## Exercise: generating one token at a time

In this exercise, we will get to understand how an LLM generates text-one token at a time, using the previous tokens to predict the following ones.

## Step 1: Load a tokenizer and a model

First we load a tokenizer and a model from HuggingFace's transformers library. A tokenizer is a function that splits a string into a list of numbers that the model can understand.

In [2]:
from transformers import AutoModelForCausalLM, AutoTokenizer

# To load a pre-trained model and a tokenizer using HuggingFace, we only need two lines of code!
tokenizer = AutoTokenizer.from_pretrained("gpt2")
model = AutoModelForCausalLM.from_pretrained("gpt2")

# We create a partial sentence and tokenize it.
text = "Udacity is the best place to learn about generative"
inputs = tokenizer(text, return_tensors="pt")

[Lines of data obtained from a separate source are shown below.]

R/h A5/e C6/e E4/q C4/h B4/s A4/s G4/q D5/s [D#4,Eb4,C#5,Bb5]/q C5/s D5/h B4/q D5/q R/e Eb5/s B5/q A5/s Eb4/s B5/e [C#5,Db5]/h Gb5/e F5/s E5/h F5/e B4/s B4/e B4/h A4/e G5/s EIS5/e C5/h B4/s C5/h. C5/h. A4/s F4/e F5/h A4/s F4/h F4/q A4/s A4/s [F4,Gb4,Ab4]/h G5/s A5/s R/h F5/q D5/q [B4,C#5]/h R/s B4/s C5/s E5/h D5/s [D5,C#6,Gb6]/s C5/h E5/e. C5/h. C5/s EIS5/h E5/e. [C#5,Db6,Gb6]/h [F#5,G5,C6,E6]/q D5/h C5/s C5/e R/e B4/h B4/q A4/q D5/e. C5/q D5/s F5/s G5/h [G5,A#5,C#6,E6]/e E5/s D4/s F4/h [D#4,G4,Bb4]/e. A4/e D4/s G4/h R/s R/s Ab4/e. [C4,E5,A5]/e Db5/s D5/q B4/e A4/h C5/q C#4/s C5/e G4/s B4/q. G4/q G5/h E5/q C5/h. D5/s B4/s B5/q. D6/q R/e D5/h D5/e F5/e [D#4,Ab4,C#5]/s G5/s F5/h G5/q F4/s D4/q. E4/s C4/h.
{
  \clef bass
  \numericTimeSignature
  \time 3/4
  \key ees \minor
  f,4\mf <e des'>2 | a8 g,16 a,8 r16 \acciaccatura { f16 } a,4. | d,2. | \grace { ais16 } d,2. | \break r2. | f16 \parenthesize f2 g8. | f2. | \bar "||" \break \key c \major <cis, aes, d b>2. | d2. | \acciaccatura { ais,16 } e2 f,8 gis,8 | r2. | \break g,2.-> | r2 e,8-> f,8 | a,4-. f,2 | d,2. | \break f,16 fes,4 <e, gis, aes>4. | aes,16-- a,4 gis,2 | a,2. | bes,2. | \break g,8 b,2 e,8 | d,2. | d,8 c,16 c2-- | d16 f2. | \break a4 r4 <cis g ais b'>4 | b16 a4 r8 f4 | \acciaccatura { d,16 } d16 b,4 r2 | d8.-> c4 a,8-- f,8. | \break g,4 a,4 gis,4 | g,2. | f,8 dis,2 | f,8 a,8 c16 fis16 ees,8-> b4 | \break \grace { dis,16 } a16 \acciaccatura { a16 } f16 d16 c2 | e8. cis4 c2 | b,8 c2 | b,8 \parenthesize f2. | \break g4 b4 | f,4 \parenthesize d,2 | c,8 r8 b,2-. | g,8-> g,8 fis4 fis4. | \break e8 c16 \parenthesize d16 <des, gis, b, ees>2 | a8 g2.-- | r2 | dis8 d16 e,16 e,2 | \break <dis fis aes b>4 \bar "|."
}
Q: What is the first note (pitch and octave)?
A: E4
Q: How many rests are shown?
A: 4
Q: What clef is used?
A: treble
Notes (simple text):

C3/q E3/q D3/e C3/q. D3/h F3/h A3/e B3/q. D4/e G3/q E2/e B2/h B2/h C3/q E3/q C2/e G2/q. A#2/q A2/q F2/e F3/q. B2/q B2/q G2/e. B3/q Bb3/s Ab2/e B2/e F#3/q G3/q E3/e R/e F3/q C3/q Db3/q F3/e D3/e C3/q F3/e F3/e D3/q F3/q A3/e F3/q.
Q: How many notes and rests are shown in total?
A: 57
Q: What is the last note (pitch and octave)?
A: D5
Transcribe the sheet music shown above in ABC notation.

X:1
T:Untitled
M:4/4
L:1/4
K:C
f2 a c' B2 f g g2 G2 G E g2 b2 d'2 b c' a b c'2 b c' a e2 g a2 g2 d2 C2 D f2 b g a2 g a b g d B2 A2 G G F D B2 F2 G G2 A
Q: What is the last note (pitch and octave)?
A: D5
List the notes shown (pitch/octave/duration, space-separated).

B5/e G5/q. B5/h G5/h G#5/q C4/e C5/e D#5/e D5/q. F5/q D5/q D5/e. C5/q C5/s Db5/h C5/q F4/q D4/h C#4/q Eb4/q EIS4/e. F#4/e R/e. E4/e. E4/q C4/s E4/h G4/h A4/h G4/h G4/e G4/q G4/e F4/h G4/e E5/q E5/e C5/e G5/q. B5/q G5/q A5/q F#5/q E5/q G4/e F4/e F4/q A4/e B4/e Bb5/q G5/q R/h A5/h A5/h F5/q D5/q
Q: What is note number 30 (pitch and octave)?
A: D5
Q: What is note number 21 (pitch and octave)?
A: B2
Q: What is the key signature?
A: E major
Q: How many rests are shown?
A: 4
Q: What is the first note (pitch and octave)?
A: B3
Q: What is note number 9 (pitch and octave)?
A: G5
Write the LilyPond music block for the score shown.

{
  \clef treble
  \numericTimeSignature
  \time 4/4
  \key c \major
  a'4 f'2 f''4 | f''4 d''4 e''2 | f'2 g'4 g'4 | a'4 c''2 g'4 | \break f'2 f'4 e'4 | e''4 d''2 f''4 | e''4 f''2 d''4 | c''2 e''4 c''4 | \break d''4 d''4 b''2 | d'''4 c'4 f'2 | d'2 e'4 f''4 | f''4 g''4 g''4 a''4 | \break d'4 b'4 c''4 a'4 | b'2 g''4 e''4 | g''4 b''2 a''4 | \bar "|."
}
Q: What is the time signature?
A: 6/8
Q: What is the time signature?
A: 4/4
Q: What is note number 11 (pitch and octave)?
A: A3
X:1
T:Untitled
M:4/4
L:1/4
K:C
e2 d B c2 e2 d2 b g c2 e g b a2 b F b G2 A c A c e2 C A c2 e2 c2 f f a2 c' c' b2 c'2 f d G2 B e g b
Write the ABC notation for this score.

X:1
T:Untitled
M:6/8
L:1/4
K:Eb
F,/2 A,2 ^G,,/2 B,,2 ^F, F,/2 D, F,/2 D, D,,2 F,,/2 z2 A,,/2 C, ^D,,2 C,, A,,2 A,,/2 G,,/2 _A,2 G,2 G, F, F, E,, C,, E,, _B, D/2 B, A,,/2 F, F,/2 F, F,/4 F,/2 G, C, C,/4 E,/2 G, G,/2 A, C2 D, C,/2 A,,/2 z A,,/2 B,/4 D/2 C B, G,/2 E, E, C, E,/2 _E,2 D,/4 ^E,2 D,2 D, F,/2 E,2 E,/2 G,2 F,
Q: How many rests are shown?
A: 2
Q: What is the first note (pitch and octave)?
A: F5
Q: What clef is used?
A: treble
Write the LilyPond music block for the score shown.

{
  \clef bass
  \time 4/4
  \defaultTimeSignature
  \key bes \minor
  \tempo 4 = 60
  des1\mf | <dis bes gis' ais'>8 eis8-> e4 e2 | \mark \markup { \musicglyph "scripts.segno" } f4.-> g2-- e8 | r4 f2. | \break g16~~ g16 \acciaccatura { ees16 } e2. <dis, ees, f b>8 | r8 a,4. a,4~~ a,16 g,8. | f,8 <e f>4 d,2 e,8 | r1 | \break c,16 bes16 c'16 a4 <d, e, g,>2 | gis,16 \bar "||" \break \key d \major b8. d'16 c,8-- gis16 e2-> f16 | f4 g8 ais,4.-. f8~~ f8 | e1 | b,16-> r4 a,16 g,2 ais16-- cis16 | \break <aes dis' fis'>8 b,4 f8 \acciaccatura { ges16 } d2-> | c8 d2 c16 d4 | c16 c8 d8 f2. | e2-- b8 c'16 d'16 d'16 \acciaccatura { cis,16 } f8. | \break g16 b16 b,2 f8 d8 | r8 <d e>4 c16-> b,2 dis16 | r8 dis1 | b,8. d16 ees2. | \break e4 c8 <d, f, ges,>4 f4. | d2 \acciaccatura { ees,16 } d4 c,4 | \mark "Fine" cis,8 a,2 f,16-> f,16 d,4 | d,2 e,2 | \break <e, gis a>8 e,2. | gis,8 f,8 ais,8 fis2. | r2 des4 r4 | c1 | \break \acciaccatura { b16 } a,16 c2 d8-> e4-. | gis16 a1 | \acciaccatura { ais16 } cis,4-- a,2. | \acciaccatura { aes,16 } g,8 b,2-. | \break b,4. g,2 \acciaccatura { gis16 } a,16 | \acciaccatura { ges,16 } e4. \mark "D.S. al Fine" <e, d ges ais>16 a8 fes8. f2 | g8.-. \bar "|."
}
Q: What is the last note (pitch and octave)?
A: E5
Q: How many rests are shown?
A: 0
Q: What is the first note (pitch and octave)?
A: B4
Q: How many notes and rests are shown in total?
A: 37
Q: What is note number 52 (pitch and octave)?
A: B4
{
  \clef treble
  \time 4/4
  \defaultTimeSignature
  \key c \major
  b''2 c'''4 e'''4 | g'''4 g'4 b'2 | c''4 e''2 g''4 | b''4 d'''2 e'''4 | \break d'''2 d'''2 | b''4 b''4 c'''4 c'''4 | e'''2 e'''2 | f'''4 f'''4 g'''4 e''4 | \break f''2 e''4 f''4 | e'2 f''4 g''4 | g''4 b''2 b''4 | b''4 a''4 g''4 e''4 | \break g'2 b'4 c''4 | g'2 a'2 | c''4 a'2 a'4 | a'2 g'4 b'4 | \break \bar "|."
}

# Show the tokens as numbers, i.e "input_ids"
inputs["input_ids"]

tensor([[  52,   67, 4355,  318,  262, 1266, 1295,  284, 2193,  546, 1152,  876]])

In [14]:
# Let's experiment
# inputs["input_ids"]: Retrieves the entire tensor of token IDs from the dictionary
# [0]: Accesses the first row of that tensor, which contains the token IDs for the input text

decode_text = tokenizer.decode(inputs["input_ids"][0])
print(decode_text)

Udacity is the best place to learn about generative


## Step 2: Examine the tokenization

Let's explore what these tokens mean!

In [12]:
# Show how the sentence is tokenized
import pandas as pd

def show_tokenization(inputs):
    return pd.DataFrame(
        [(id, tokenizer.decode(id)) for id in inputs["input_ids"][0]],
        columns=["id", "token"],
    )
    
show_tokenization(inputs)

Unnamed: 0,id,token
0,tensor(52),U
1,tensor(67),d
2,tensor(4355),acity
3,tensor(318),is
4,tensor(262),the
5,tensor(1266),best
6,tensor(1295),place
7,tensor(284),to
8,tensor(2193),learn
9,tensor(546),about


### Subword tokenization

The interesting thing is that tokens in this case are neither just letters nor just words. Sometimes shorter words are respresented by a single token, but other times a single token represents a part of a word, or even a single letter. This is calles subword tokenization.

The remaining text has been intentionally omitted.